==== Supplied records ====

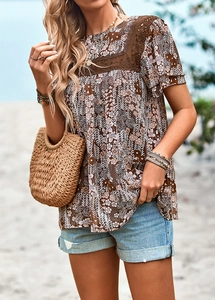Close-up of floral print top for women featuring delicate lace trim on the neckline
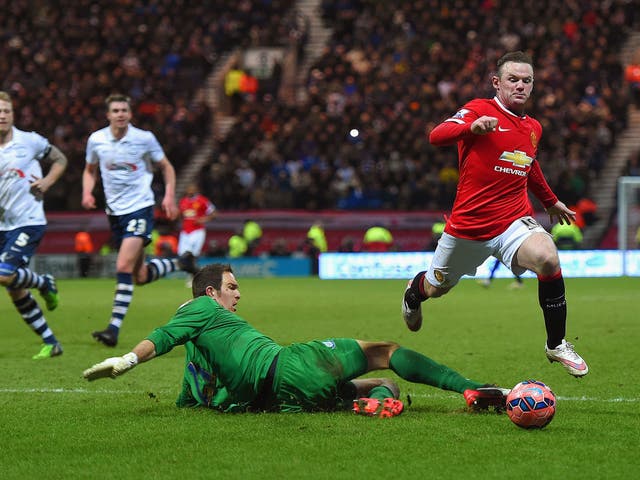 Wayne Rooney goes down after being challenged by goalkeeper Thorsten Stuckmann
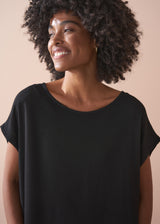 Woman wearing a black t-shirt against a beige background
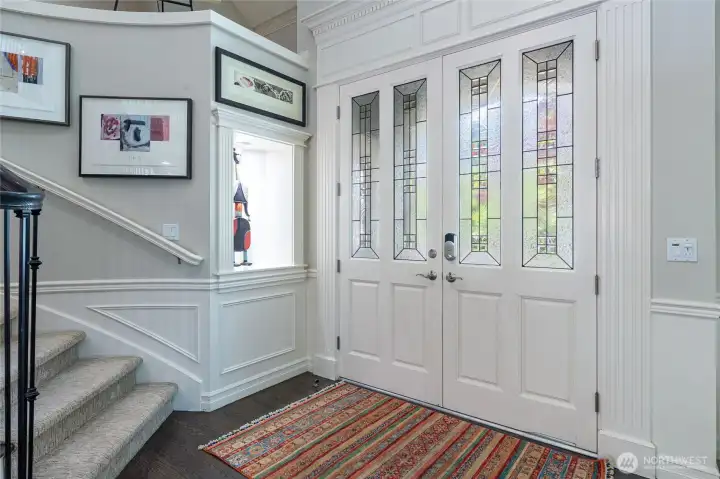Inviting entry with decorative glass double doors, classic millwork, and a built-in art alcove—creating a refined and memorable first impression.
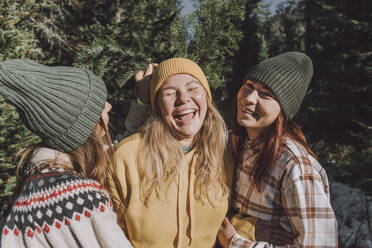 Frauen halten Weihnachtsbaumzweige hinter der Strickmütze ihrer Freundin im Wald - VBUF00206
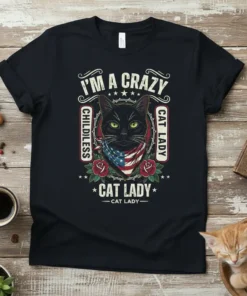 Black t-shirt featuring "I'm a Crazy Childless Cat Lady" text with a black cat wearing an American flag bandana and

====

Requirement:
Your job is to repeat the data exactly, leaving each picture out.

Your solution:
Close-up of floral print top for women featuring delicate lace trim on the neckline
 Wayne Rooney goes down after being challenged by goalkeeper Thorsten Stuckmann
 Woman wearing a black t-shirt against a beige background
Inviting entry with decorative glass double doors, classic millwork, and a built-in art alcove—creating a refined and memorable first impression.
 Frauen halten Weihnachtsbaumzweige hinter der Strickmütze ihrer Freundin im Wald - VBUF00206
 Black t-shirt featuring "I'm a Crazy Childless Cat Lady" text with a black cat wearing an American flag bandana and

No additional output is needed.